Although Greenbrae and Kentfield both offer a community atmosphere, they have yet to be incorporated. Greenbrae is best characterized as a residential development of tree-shaded neighborhoods lined with large and attractive suburban homes. Commuters find a convenient home in Greenbrae, located close to the freeway and the Larkspur ferry wharf. High academic rankings, view lots, wonderful housing options, and nearby recreational opportunities are appealing to newcomers of all ages.

Abundant glass and decking grace many homes in this area, drawing in the natural beauty of the surroundings. Many of the homesites offer vistas of the Bay, Corte Madera Creek, or Mount Tamalpais.

This model community was built to support all the needs of the residents in the 6,000 or so housing units including shopping facilities, schools, a state-of-the-art hospital (Marin General) and churches. Special effort was taken to preserve the many oaks that grace the hills of Greenbrae, creating a peaceful seclusion for the single-family homes with hillside views of the bay, Corte Madera, and Mt.
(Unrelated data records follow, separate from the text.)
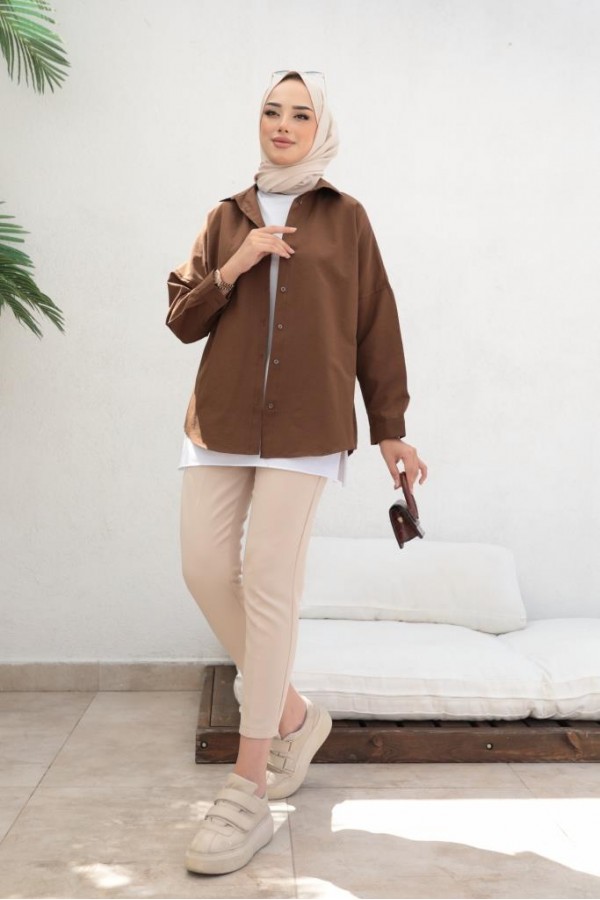  Klasik Tesettür Gömlek Kahve 3900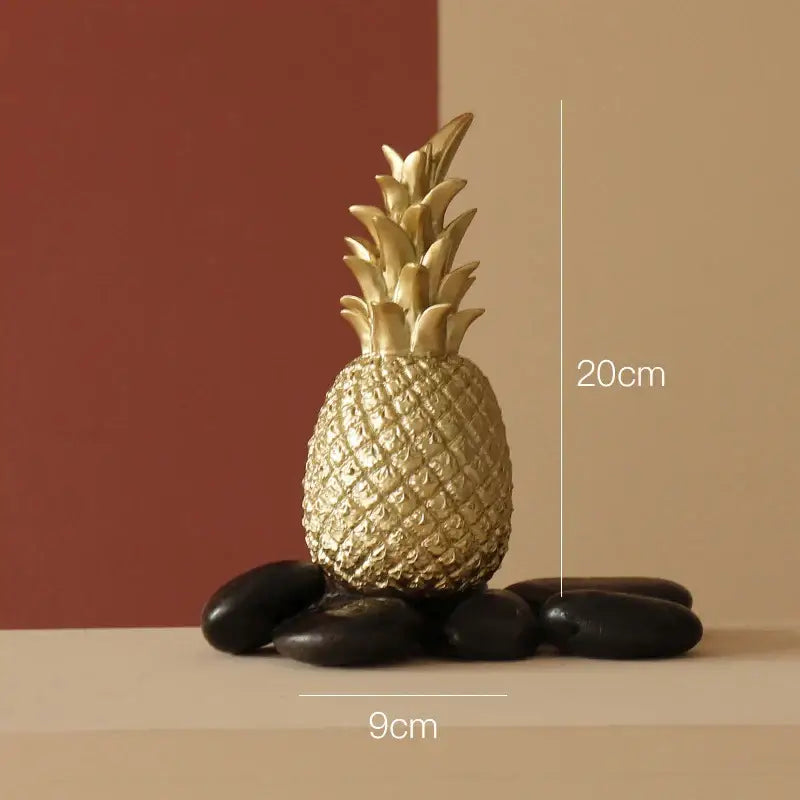 Modern nordic gold & white golden pineapple figurine living room decor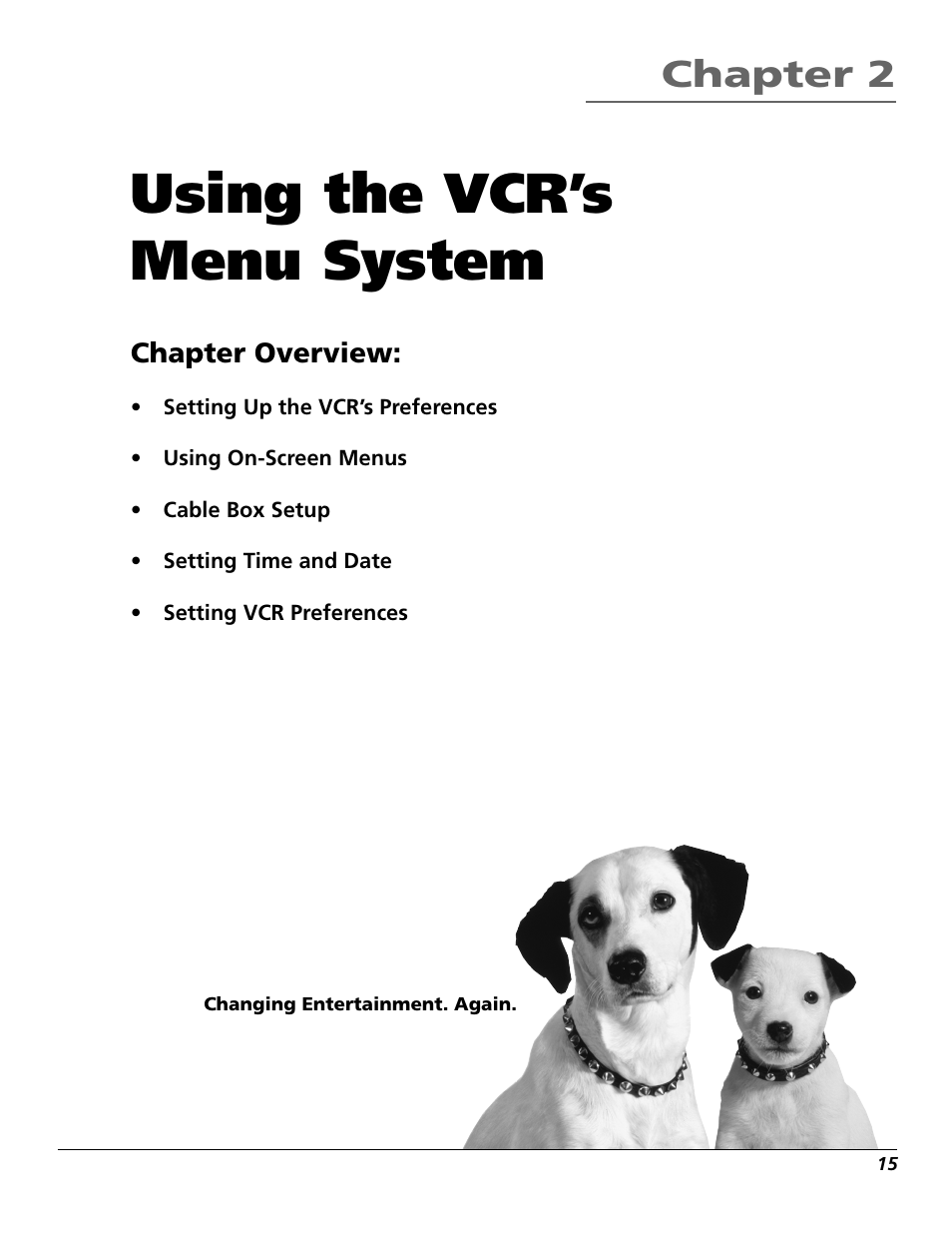 Using the vcr’s menu system, Chapter 2, Chapter overview | RCA VR651HF User Manual | Page 17 / 60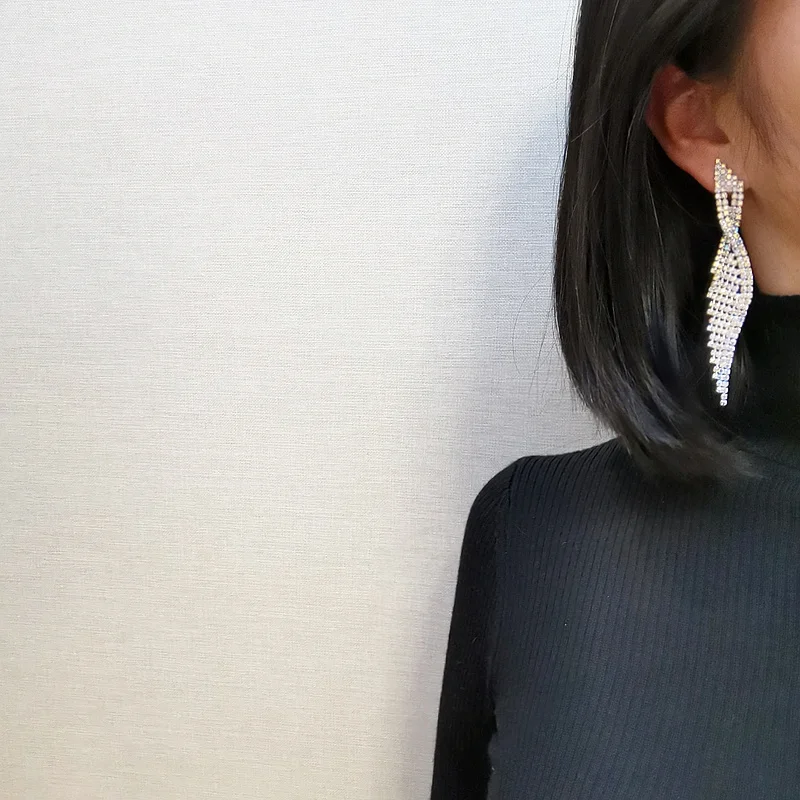 2020 Luxury Bling Colorful Crystal Rhinestone Long Tassel Earrings For Women Bridal Big Drop Dangle Earrings Wedding Jewelry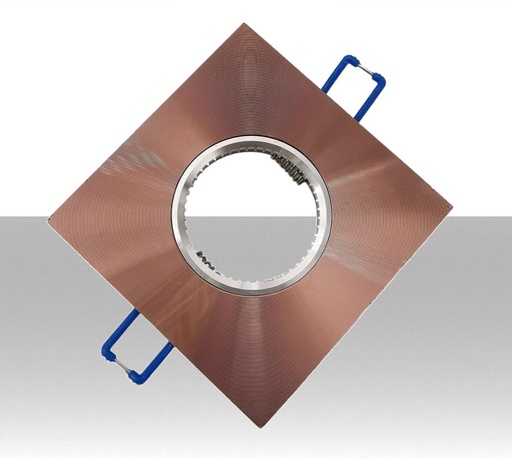 [LI-P9GU10C] Portafaretto quadrato per GU10 ad incasso colore marrone. Confezione 2Pz - Foro: 60mm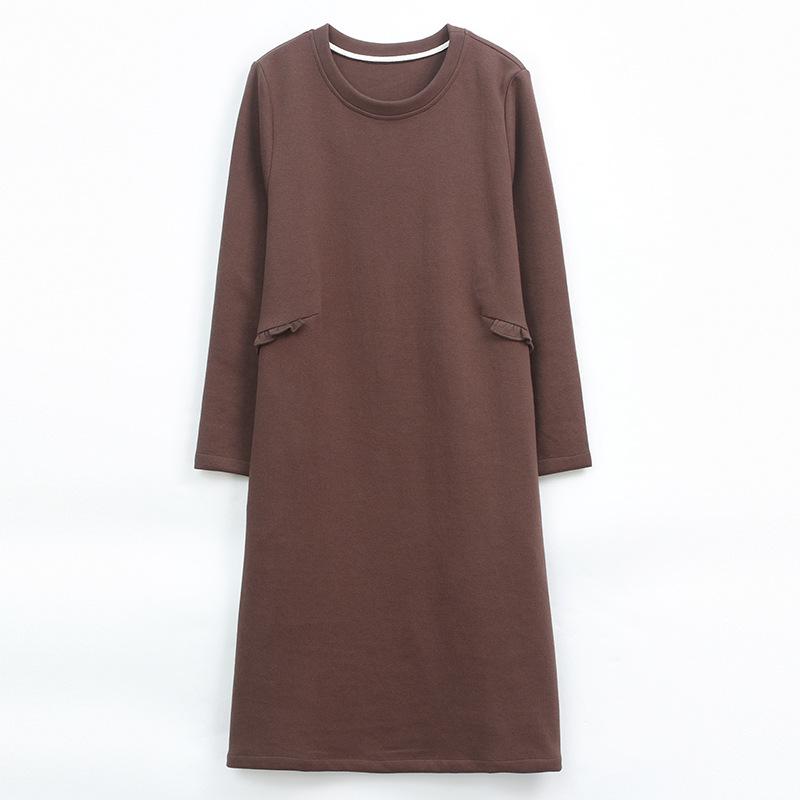 Damen 2024 Frühling/Herbst Langarm Baumwoll-Sweatshirtkleid - Koreanischer Stil, Slim Fit, Bauch kaschierend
Tamalpais. The easy three minute drive to the Larkspur Landing Ferry Terminal and being only sixteen miles from San Francisco make this an accessible home town for those that commute. This town’s housing turnover is one of the lowest in the county, with many residents having been here for over twenty years. It is easy to see why when everything a family could need is always close to home. This community is easily becoming one of Marin County’s most desirable places to live.

Fairfax

Just west of San Anselmo is Fairfax, where a relaxed atmosphere is treasured by the 6,900 residents seeking privacy and rustic charm. This is a bargain area, by Marin County standards, for homes. The Ross Valley School District serves both San Anselmo and Fairfax. There are three elementary schools and one middle school in the district, which ranks in the top seven percent in the state. There is a charming, 60’s style downtown area. Fairfax has some lovely parks and is a gateway to the lands of the Marin Municipal Water District, where one can enjoy hiking trails, views, lakes, bird-watching, and beautiful wildflower walks.